Samam.net is the online 4-language Dravidian dictionary (Malayalam, Tamil, Telugu and Kannada). Its content was compiled by the veteran Njattyela Sreedharan (ഞാറ്റ്യേല ശ്രീധരൻ) in a span of 25 years.
SMC is proud to have technically contributed to its digitization efforts. Subin Siby has documented the process in detail in his blog post.
The release event was held at Bangalore International Convention Centre, co-hosted by Indic Digital Archive Foundation and the Karnataka Chapter of Malayalam Mission. During the event, the integration of E. K. Kurup's English-Malayalam Thesaurus to Olam was announced.
Many active members of SMC including Subin Siby, Akshay S Dinesh, Joice Joseph, Santhosh Thottingal, Hiran Venugopalan and Manoj Karingamadathil participated in the event.
Malayalam Text Corpus
SMC's Malayalam corpus is getting expanded. Text corpus from Sayahna books, Deshabhimani, Sarvavijnanakosam were recently added. All these new content sources are creative commons licensed. Content is semi-automatically cleaned for common mistakes and normalized.
Mozilla Foundation's latest release of common voice 17.0 is now available on Huggingface hub. It has a total of 11 hours of Malayalam speech by 134 speakers. Of these 4 hours of speech is validated manually for correctness.
Metapost Sandbox
The metapost sandbox by Santhosh Thottingal allows you to experiment with designing letters using metapost.
It latest release has many new features. You can now login using github, save the fork, fork somebody's work and list all your works as in this example.

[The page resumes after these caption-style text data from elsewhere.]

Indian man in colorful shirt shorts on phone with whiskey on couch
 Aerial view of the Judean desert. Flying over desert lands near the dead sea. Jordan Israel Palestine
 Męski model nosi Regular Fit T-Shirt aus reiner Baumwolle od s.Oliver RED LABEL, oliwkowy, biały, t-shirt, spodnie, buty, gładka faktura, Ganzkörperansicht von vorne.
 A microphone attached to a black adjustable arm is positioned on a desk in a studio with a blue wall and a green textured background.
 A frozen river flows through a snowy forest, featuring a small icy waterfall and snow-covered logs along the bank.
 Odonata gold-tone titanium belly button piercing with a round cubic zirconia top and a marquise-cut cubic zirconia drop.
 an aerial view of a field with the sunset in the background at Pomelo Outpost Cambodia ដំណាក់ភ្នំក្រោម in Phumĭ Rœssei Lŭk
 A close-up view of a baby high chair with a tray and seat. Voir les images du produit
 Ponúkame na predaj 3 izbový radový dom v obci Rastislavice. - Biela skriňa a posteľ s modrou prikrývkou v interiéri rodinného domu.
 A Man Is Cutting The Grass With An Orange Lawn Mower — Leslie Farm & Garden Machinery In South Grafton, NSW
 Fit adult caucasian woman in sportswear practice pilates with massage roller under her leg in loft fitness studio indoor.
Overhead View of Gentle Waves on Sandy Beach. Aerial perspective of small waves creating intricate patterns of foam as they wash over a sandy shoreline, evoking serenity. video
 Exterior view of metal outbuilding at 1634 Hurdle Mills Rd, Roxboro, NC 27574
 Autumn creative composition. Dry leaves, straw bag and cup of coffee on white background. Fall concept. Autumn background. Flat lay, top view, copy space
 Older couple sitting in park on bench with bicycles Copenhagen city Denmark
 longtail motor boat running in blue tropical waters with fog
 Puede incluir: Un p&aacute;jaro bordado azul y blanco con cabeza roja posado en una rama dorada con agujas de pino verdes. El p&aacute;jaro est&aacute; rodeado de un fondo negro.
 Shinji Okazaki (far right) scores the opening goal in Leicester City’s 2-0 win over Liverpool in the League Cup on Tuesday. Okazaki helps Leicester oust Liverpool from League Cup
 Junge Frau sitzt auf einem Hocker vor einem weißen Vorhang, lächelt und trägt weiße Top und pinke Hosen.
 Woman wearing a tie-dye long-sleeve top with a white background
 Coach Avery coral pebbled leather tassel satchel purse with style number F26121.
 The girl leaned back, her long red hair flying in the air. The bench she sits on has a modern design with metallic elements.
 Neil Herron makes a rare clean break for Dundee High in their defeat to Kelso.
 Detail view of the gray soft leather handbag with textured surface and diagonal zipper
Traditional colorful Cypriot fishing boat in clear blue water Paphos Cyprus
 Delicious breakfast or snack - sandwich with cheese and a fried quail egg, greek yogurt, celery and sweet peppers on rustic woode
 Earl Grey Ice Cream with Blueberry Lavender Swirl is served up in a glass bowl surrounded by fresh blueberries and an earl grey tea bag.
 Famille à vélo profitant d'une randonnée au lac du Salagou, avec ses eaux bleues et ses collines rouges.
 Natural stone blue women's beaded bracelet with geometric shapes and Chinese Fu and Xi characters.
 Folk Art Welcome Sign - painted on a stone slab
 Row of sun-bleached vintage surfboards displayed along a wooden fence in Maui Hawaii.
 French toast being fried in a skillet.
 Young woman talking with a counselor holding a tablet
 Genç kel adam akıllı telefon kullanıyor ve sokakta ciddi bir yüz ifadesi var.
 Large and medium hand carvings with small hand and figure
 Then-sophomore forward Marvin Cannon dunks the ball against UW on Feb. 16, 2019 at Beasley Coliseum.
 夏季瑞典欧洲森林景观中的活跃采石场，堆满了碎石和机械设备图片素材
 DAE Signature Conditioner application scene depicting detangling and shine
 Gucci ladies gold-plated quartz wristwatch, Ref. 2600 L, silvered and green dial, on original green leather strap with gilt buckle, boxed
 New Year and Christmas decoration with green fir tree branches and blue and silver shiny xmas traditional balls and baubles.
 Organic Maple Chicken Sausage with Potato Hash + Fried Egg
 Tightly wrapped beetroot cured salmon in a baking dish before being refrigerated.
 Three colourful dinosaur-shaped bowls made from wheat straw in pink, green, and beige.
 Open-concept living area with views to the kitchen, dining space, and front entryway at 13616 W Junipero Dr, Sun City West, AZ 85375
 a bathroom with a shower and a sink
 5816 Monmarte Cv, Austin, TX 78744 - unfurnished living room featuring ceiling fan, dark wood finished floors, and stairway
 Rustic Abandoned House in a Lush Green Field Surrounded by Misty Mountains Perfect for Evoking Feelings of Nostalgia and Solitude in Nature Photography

Open Data Kerala team built a demo website to illustrate the power of open data and free software based language computing tools by building an easy search engine interface for the Encyclopedic content maintained by Kerala State Institute of Encyclopaedic Publications. This includes transliteration search, fuzzy matching and similar useful features.
Kavya Manohar presented a talk on "How Computers Understand Languages?". It was an introductory Natural language Processing talk to the school childeren who are members of SNV Library Peringammala, Thiruvanathapuram on 28th April, 2024.
Kurian Benoy, in his paper reading session on the Vistaar paper by AI4Bharat team, briefly mentioned about the issues of Whisper Text Normalizer and the work done by Kavya Manohar & himself to identify and rectify issues in Whisper Text Normalizer.
A shared task to finetune Machine Translation systems for Indic languages is being hosted as part of Ninth Conference on Machine Translation (WMT24).
Manoj Karingamadathil presented a talk on the "Novel trends and possibilities in the field of Online encyclopedia" at the Kerala Encyclopedic institute.
Zendalona is participating in GSoC this year and 4 new contributors will be working on 4 projects related to FOSS accessibility solutions for visually impaired. Read the program page for more details. Akshay S Dinesh is one of the mentors.
Malayalam Wikipedia is hosting an Editathon in connection with the 2024 Indian General Election during April 15 - June 15 2024.